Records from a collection

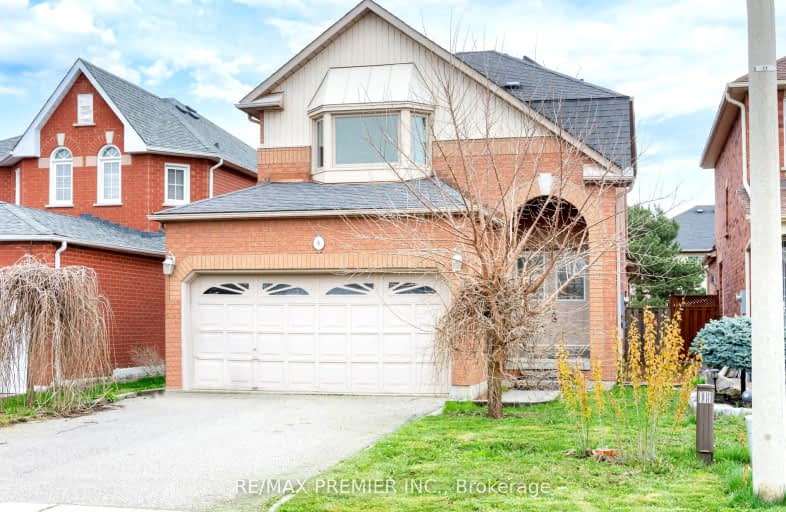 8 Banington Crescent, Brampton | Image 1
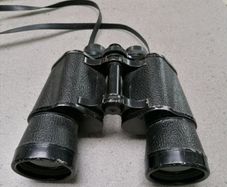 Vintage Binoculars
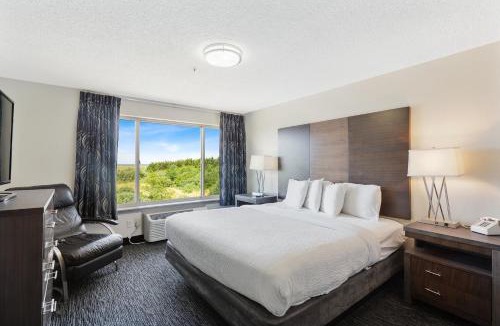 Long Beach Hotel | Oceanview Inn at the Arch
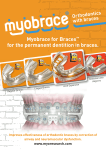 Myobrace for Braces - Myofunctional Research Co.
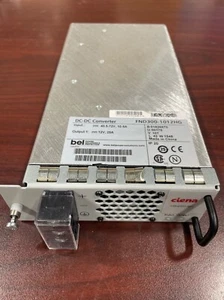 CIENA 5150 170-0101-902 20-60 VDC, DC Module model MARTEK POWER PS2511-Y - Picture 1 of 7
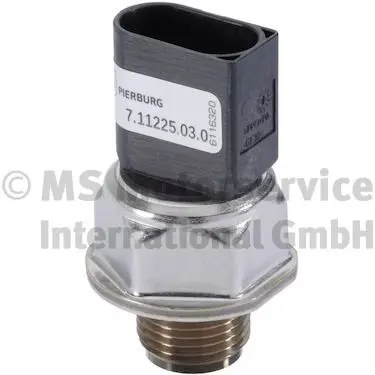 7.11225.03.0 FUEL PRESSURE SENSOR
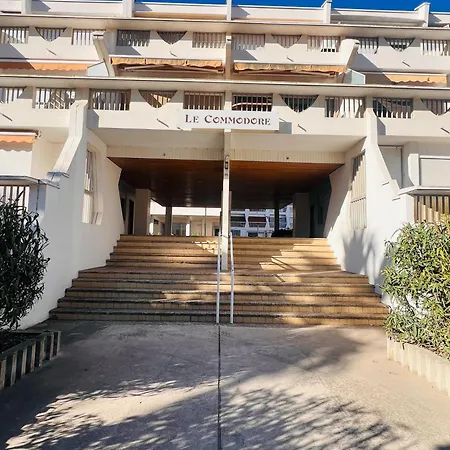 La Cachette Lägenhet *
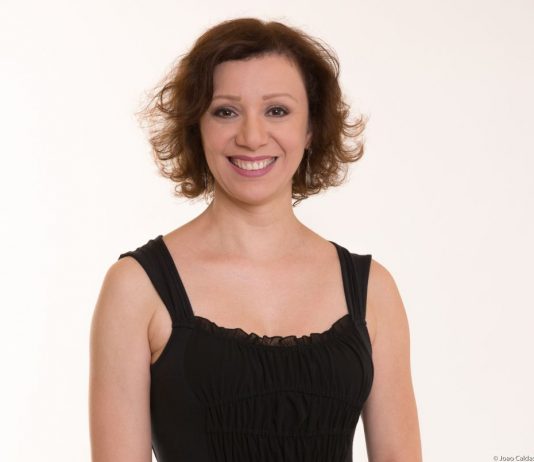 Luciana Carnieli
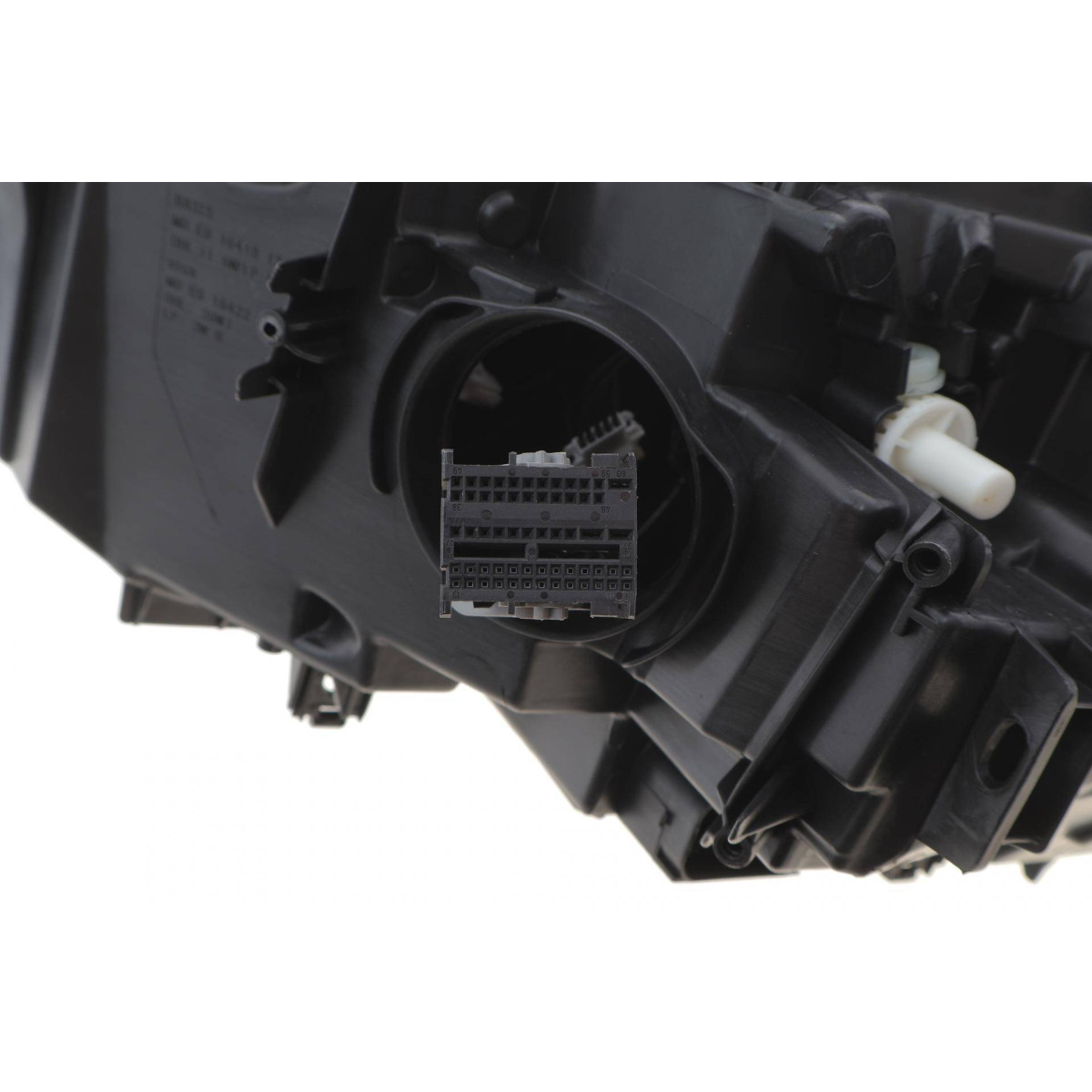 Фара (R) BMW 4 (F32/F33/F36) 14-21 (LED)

**Exercise prompt:** Return only the lines from the one that contains "Myobrace for Braces" through the closing line of the data, inclusive, reproduced exactly and with every picture left out.

**Task output:**
 Myobrace for Braces - Myofunctional Research Co.
 CIENA 5150 170-0101-902 20-60 VDC, DC Module model MARTEK POWER PS2511-Y - Picture 1 of 7
 7.11225.03.0 FUEL PRESSURE SENSOR
 La Cachette Lägenhet *
 Luciana Carnieli
 Фара (R) BMW 4 (F32/F33/F36) 14-21 (LED)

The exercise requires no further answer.